▸ Source material

————

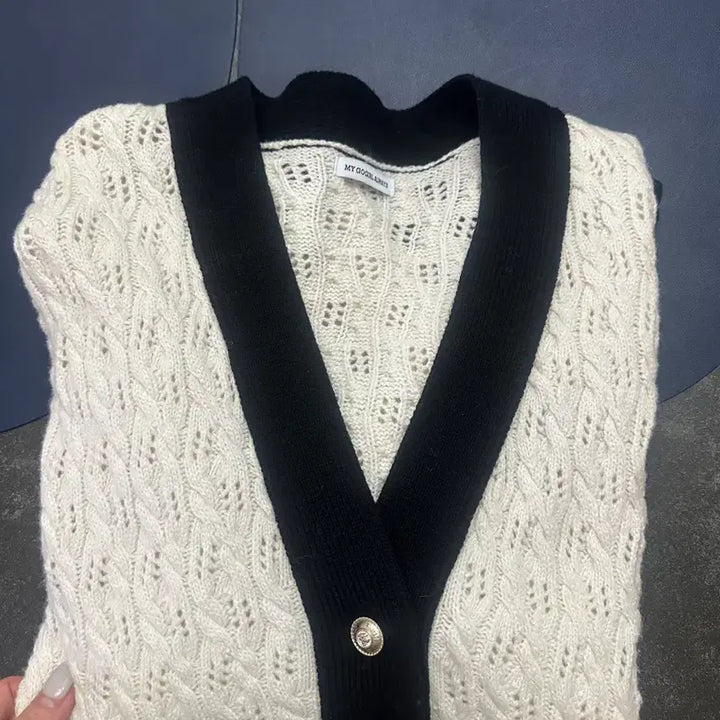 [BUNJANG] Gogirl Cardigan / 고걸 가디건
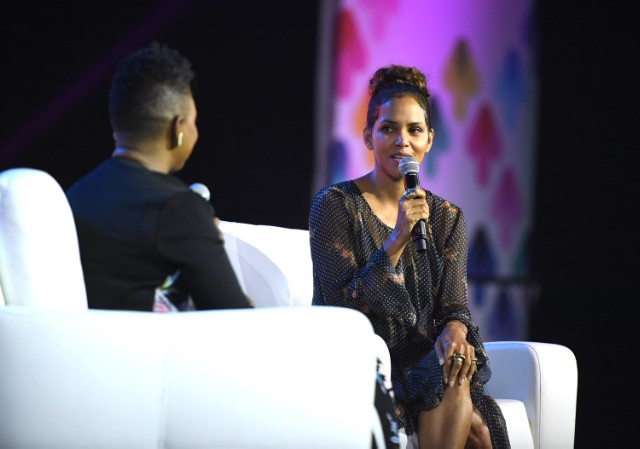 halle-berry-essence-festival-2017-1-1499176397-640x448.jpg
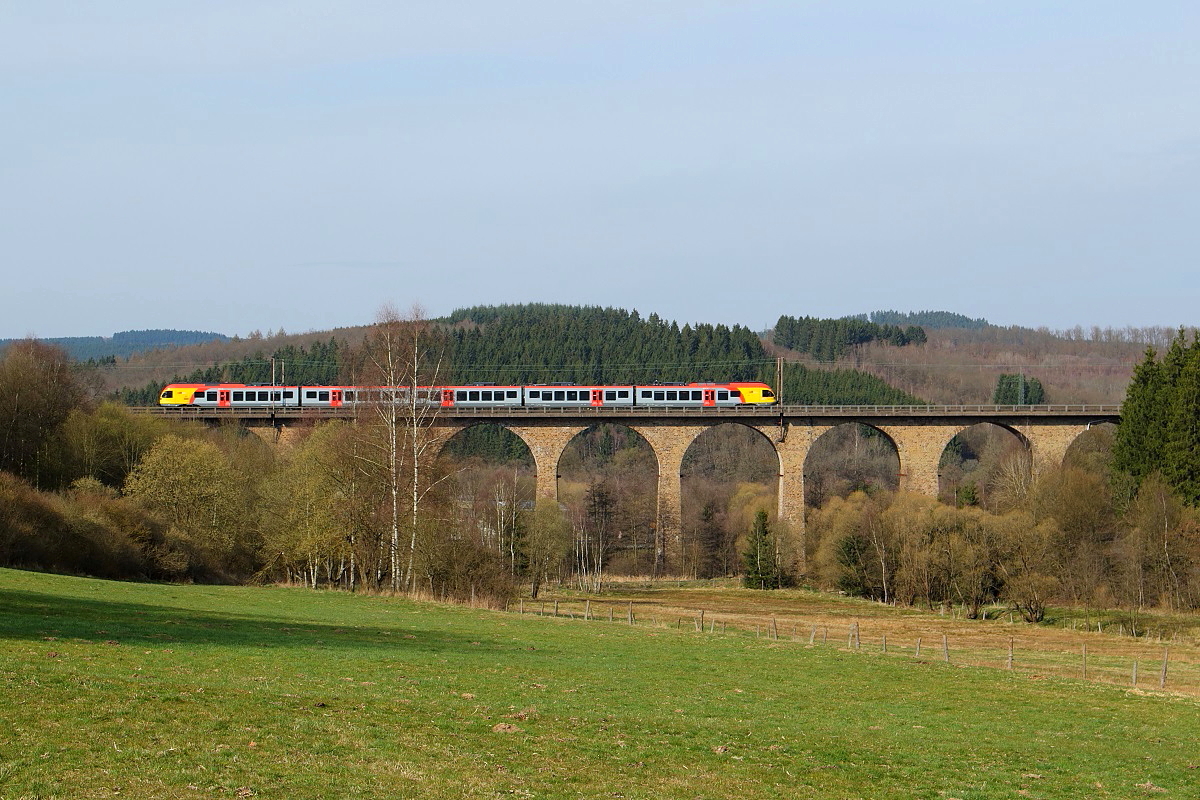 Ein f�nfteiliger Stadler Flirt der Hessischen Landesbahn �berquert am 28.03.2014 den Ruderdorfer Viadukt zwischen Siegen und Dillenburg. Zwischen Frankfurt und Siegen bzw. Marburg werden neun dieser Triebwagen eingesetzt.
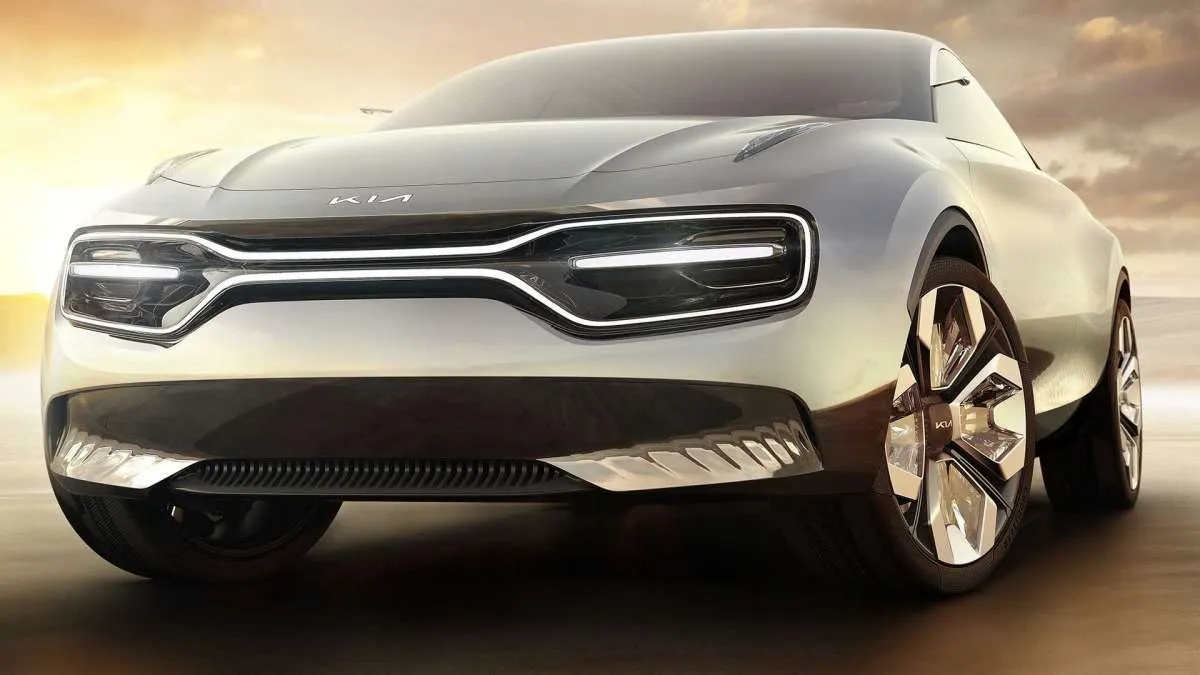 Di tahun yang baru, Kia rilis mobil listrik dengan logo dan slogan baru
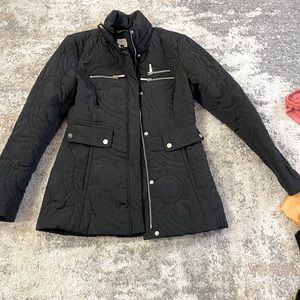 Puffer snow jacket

————

Word for word, return the material above; the pictures stay out.

▸ The completed task
 [BUNJANG] Gogirl Cardigan / 고걸 가디건
 halle-berry-essence-festival-2017-1-1499176397-640x448.jpg
 Ein f�nfteiliger Stadler Flirt der Hessischen Landesbahn �berquert am 28.03.2014 den Ruderdorfer Viadukt zwischen Siegen und Dillenburg. Zwischen Frankfurt und Siegen bzw. Marburg werden neun dieser Triebwagen eingesetzt.
 Di tahun yang baru, Kia rilis mobil listrik dengan logo dan slogan baru
 Puffer snow jacket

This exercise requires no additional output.